So I’m in a foul mood, as are thousands of other people with bricks as computers. But really, I started off in a foul mood.

I happened to eat at Enrico’s in San Francisco’s North Beach this week with some friends. Enrico’s has a fine history, from back in the beatnik era when folks didn’t care as much for money as they did for sex. People traveled, often to learn things. Banks paid decent interest on deposit and made loans for slightly more money instead of paying zilch for money then making a gambling game out of people’s mortgages to get rich fast or die. We didn’t vomit when folks mentioned regulation, it was part of what the government did to protect the people who owned it. The government I mean. Of, by and for. The people.

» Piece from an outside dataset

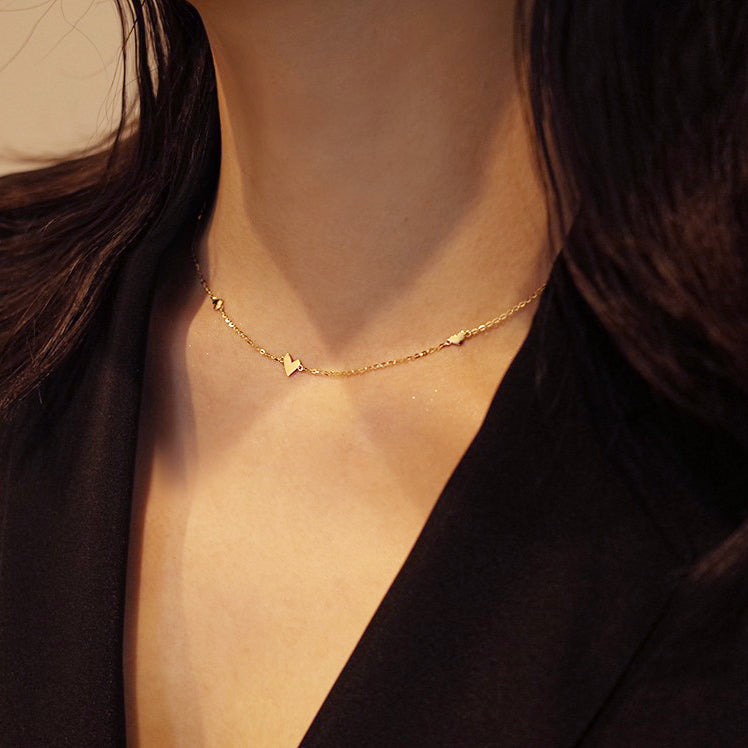 A model showcasing the elegant S925 Sterling Silver Triple Heart Necklace in gold.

Anyway, back to Enricos. Decent food, decenter pizza. Then you come to the wine list. Pathetic. Least costly red out of a paltry list of maybe 8 reds set you back a whopping $38. This for crap wine. One interesting choice, but they were out of that one. Waiter says, “if you want a light wine I can recommend…”

Who wants a “light” anything? For $40 bucks I better get flavor that spills out my ears and bothers the other diners. Especially when that wine is on sale for 7 bucks at the liquor store.

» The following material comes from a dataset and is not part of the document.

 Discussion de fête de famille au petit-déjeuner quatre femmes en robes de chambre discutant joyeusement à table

My Italian neighbors make their own wine. They won’t drink the commercial stuff. It’s not even about cost. You can still get a bottle of decent plonk at the super for 1 Euro. They complain about headaches when they drink bottled stuff. They prefer their homemade wine. It’s not like it’s a compromise, like you need millions of dollars in temperature controlled stainless steel tanks to make wine. Wine makes itself. You crush. You wait. It ferments. That’s why it’s been around for thousands of years.

Anyway, to get to the title’s promise: if you are a couple contemplating a trip to Italy and you look at the miserable but better-than-it-was-a-while-ago exchange rate and say “gosh, hotels are expensive” then I will say to those of you who like to share a bottle of wine with dinner, “Go! You’ll make it all up on the wine prices!”

I’m always amazed at restaurant owners who always know were to get (or how to make) excellent wines. Ristorante da Remo in cute Monzone every year manages to come up with a 2 Euro per half liter red that is mighty yummy.

So really, come to Italy, rent a self-catering apartment or house or, for the less adventurous, a hotel and start saving money on your wine habit.

Unless you like overoaked Merlot. There’s a reason vanilla ends up in cookies and sweet rolls. It doesn’t belong in wine, which you’ll grasp once you try things the Italian way. You taste the grapes. Not a bad thing, really.